Nowadays, on the rare occasion that I actually use the Wii, I just use BootMii as boot2 to boot directly into the Homebrew Channel.


----------



## metamaster (Aug 9, 2011)

Team Twiizers never ceases to amaze. And they've even put the time to make a nice webpage. This is the easiest hack since jaibreakme.


----------



## hanibel (Aug 9, 2011)

So they have time to "reverse engineer, hack and implement" this hack and couldn't get a simple fix for the network init function of the hbc done in nearly a year? Give me a break, this team is as ridiculous as they're user data-hungry. A simple pc tool for self-signing the binary would have been perfectly fine. As if that were not enough, the exploit only works on this useless 4.3 system menu.


----------



## impizkit (Aug 9, 2011)

hanibel said:
			
		

> So they have time to "reverse engineer, hack and implement" this hack and couldn't get a simple fix for the network init function of the hbc done in nearly a year? Give me a break, this team is as ridiculous as they're user data-hungry. A simple pc tool for self-signing the binary would have been perfectly fine. As if that were not enough, the exploit only works on this useless 4.3 system menu.

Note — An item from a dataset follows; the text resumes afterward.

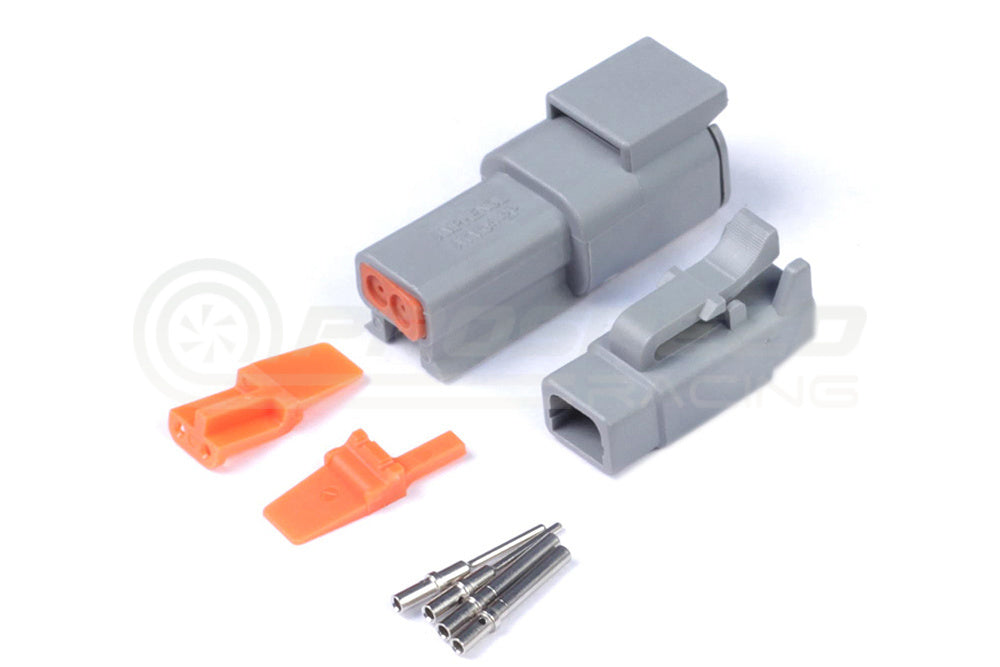 Haltech Plug And Pins Only - Matching Set Of Deutsch Dtm 2 Connectors (7.5 Amp) HT-031012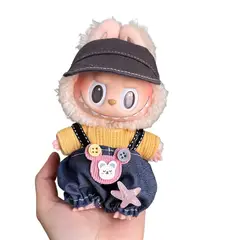 TIOZONEY - Ropa De Muñeca Para Labubu De 17 Cm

Somebody created an account to bitch!


----------



## hanibel (Aug 9, 2011)

Yes I did. Somebody had to speak the truth rather than join the TT ass kissing majority.


----------



## JoostinOnline (Aug 9, 2011)

hanibel said:
			
		

> As if that were not enough, the exploit only works on this useless 4.3 system menu.


ROFL, you are such an idiot.  4.3 is the only System Menu without an exploit that didn't require a disc, with the exception of 2.x which came on launch Wii's and can't use the SD card for storing channels.


----------



## Snailface (Aug 9, 2011)

hanibel said:
			
		

> Yes I did. Somebody had to speak the truth rather than join the TT ass kissing majority.


Here's the truth about TT:

They hacked the Wii (the first time included)
They hacked the PS3 (as part of team failoverflow)
They hacked the DSi.

And they never asked for a cent, and always conducted themselves with honor and integrity.

So yeah, for all that they've done, I can trust them with my worthless wii Mac address, lol.


----------



## pokemonster (Aug 9, 2011)

cut the red wire or cut the blue wire please  explain.


----------



## Snailface (Aug 9, 2011)

pokemonster said:
			
		

> cut the red wire or cut the blue wire please  explain.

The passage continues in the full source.